What if I don't want to automatically charge a customer's credit card. Can the auto charge be turned off so I can manually do the charging from within Google Checkout. If I can't turn off the auto charge from e-junkie what other option do I have to manually charge using Google Checkout?



Should I disconnect the api to e-junkie?



Will this cause any problems?

2 months later

I am glad I found this post as I have been pulling my hair out because it has been automatically charging my customers.



I certainly do not want to automatically charge my buyers. Please let me know what it will take to stop the automatic charge.



Thanks in advanced for helping E-JunkieExpert.

As far as you and your buyers are concerned, that "authorize and charge" setting is functionally identical to the "authorize for the full amount" setting we recommend, but the former setting is only required by some other services instead of E-junkie cart and generates a bunch of meaningless error-log entries behind the scenes on our end and Google's end, which is why we recommend the latter setting in our documentation.



We know of no way to validate a buyer's payment account for an order total without also actually charging the account for that amount, but all of that happens on the payment processors' ends rather than ours, so it doesn't really concern anything at our end.



You may wish to inquire with Google, PayPal or other processors we support to see if they can put a transaction "on hold" or something similar that would verify the proper amount of funds are available and ideally also set that amount aside, but wait until you manually release the payment to actually charge the buyer's account and issue notification to our system that payment was completed, at which point we would then issue our thank-you emails with any download links.

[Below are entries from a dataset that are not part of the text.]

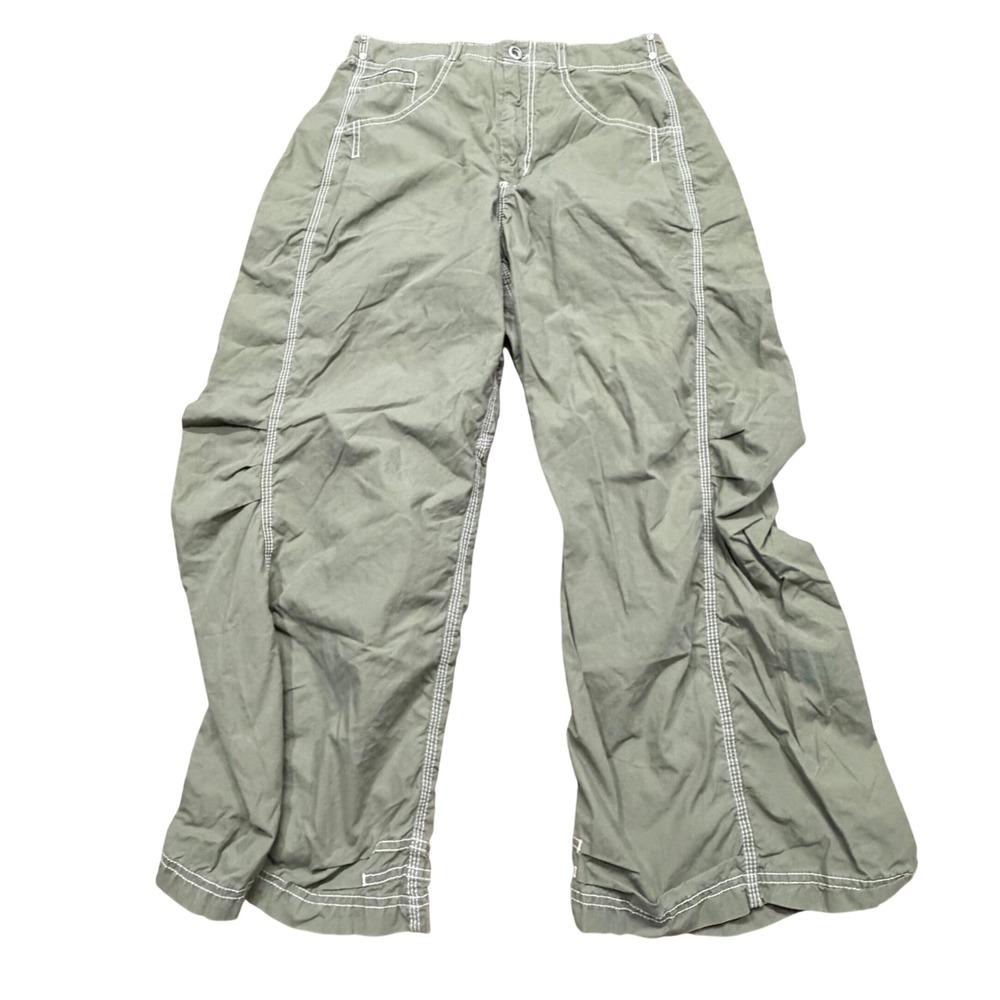 Pilcro and the Letterpress Olive Green Cargo Pants Contrast Stitch Wide Leg 27‎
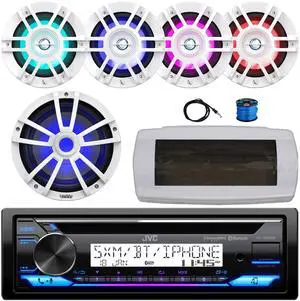 JVC KD-T92MBS Single-DIN Marine Bluetooth USB/AUX CD Player AM/FM Stereo Receiver W/White Cover, 4x 6.5" 300W Max 2-Way White RGB LED Boat Speakers W/Wire, 10" RGB LED Multi-Element Subwoofer, Antenna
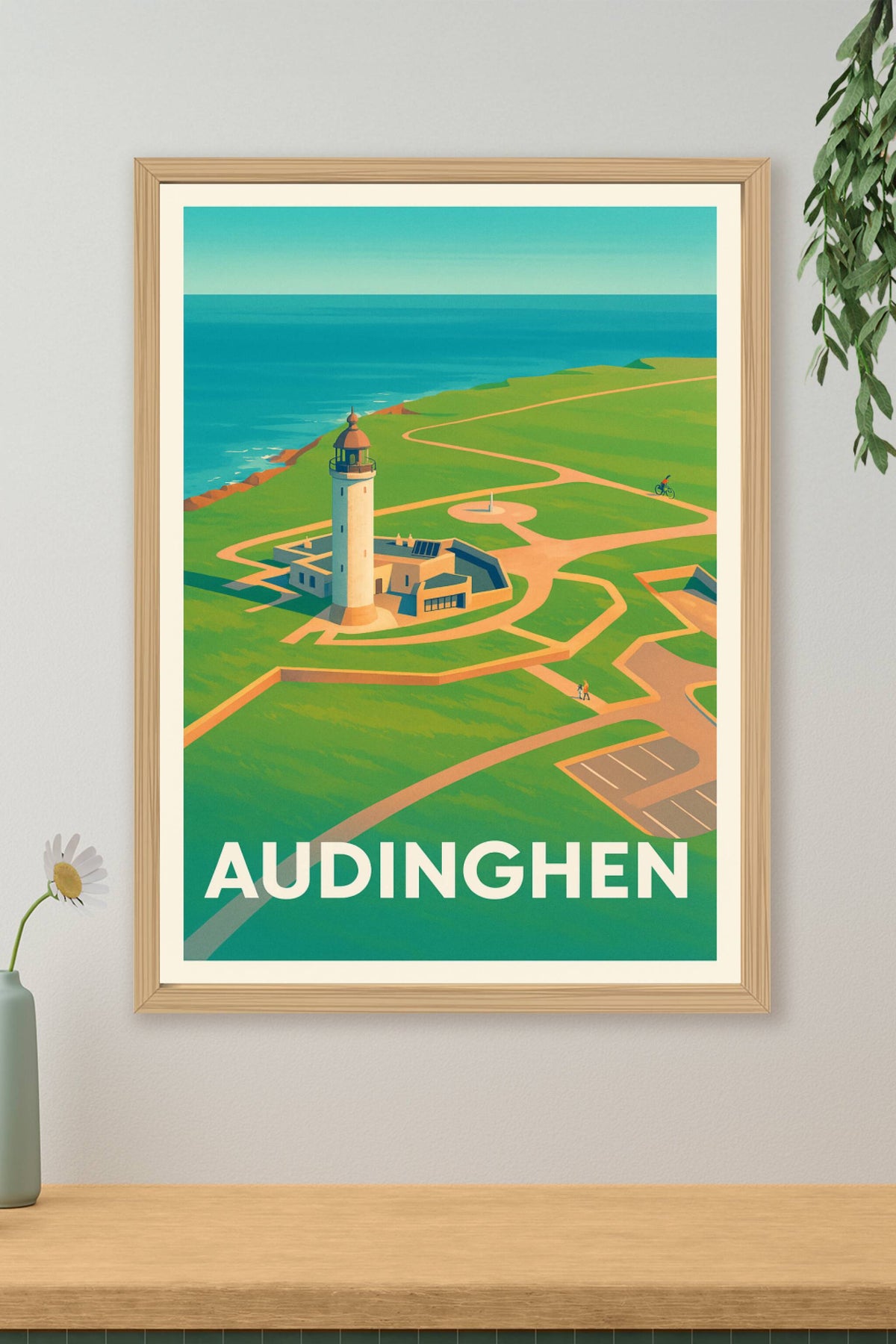 Affiche Audinghen — Charme côtier et lumière du phare · poster d'art de Audinghen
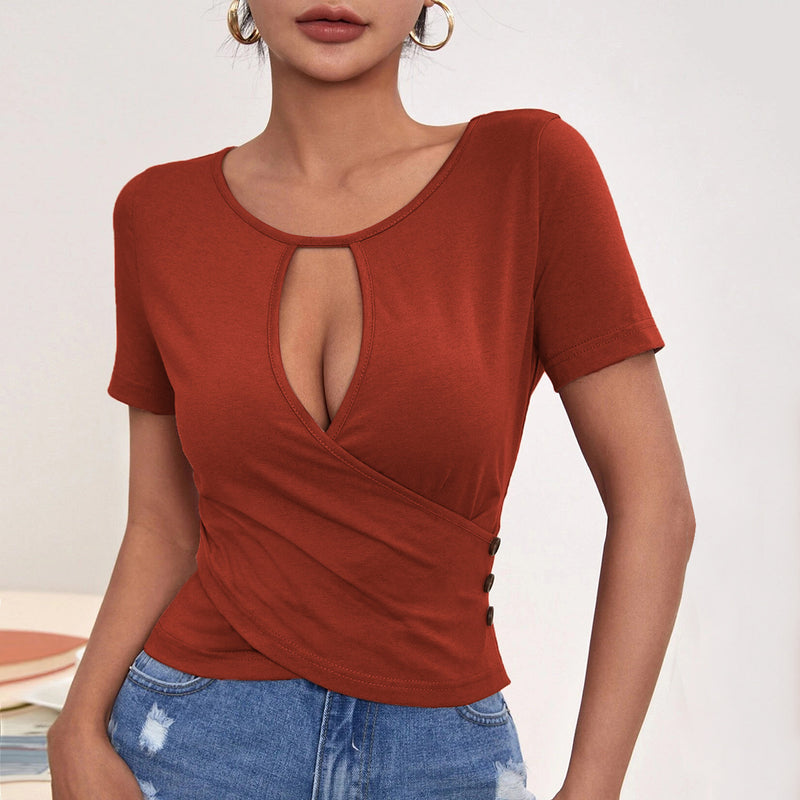Hollow Button Slim Fit Casual Short Temperament Short-Sleeved T-Shirt Wholesale Women Tops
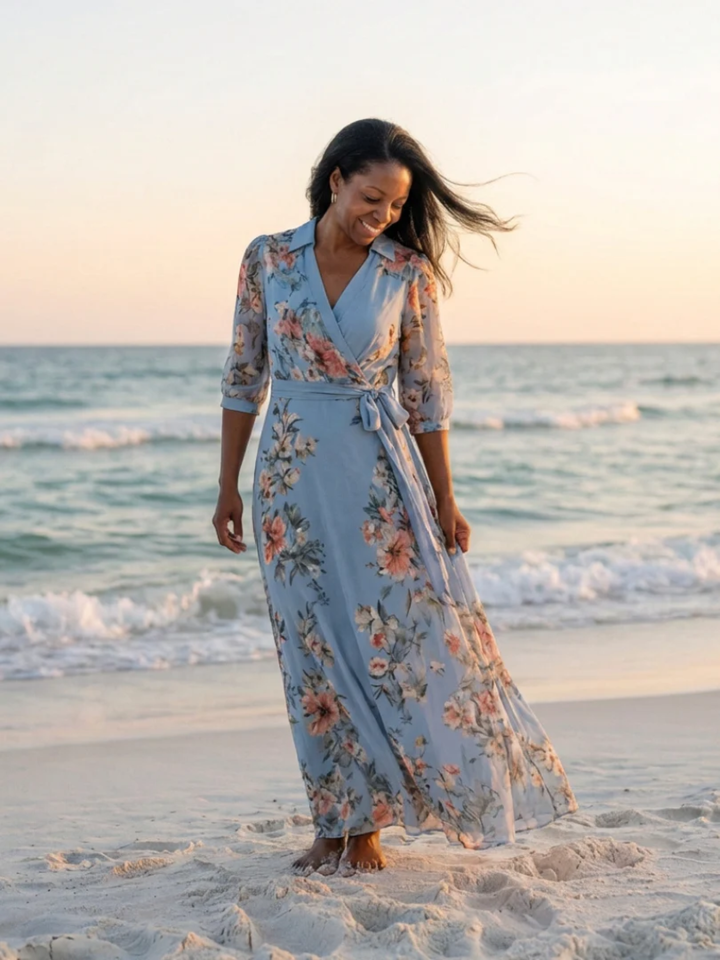 Women’s Floral Wrap Maxi Dress for Summer Events and Parties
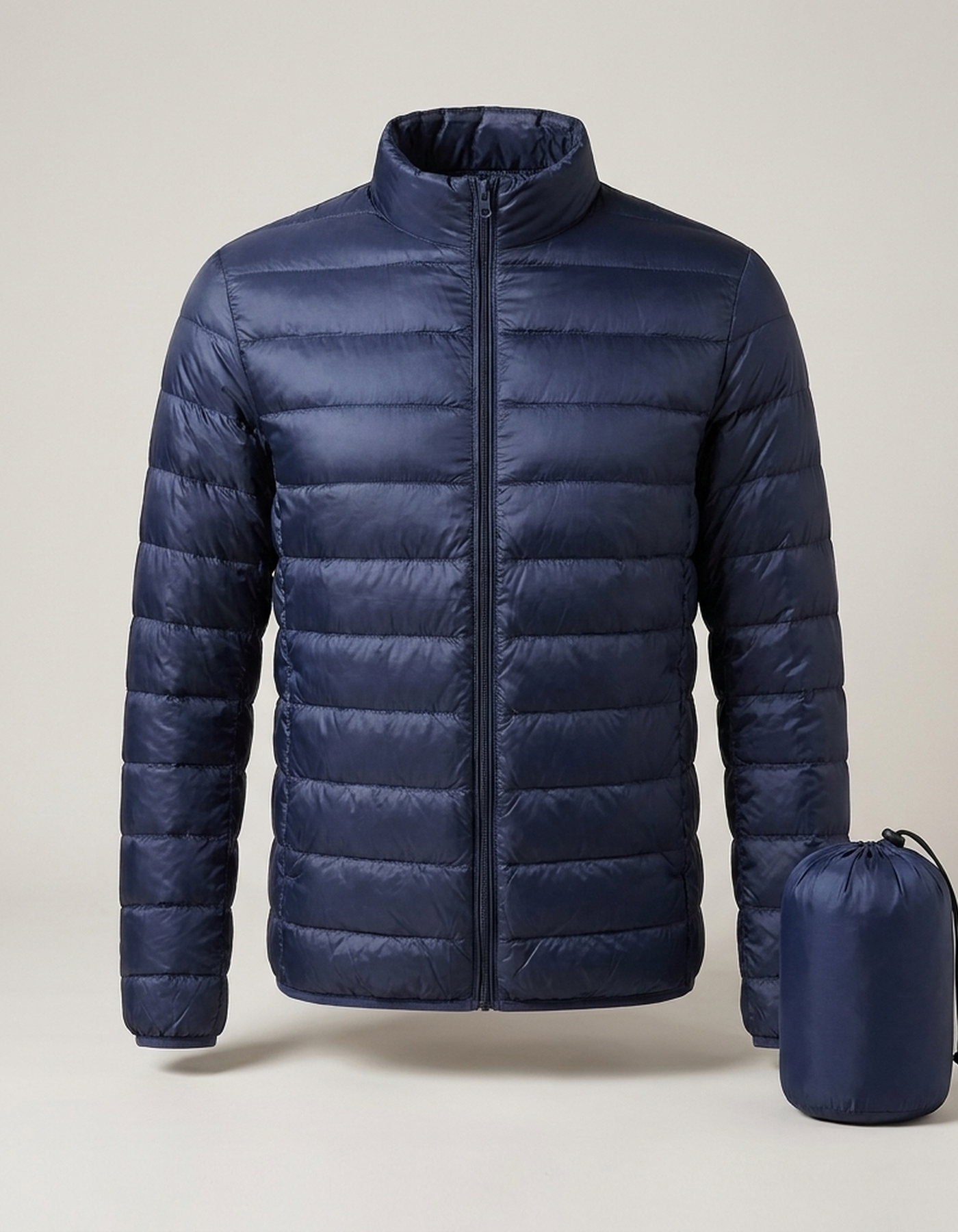 PLUXSTYLE::numise::mens-packable-puffer-parka::pack-blue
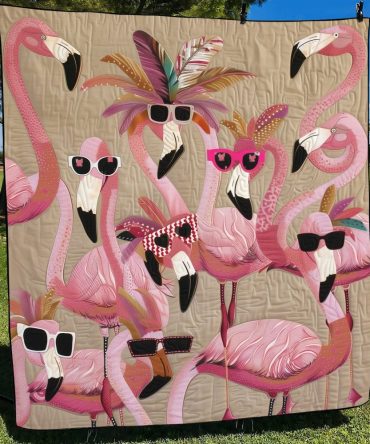 Tropical Flamingo Delight Quilted Blanket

The key issue here for our system is whether or not payment notification (IPN for PayPal, or API callback for Google) would still be sent to us after (and ONLY after) you release a payment manually, or if they'd just send us payment notification as soon as the buyer's account was validated for the order amount. In that latter case for digital products, you might as well complete payment automatically if the processor is going to trigger our issuing download links before you actually release the buyer's payment anyway.



At any rate, all of this would be a matter between you and the payment processor(s), as payments happen entirely at their end, and we do not formally support or recommend any sort of on-hold payments, so this would be up to you alone to set up without our help, and to troubleshoot if anything goes wrong.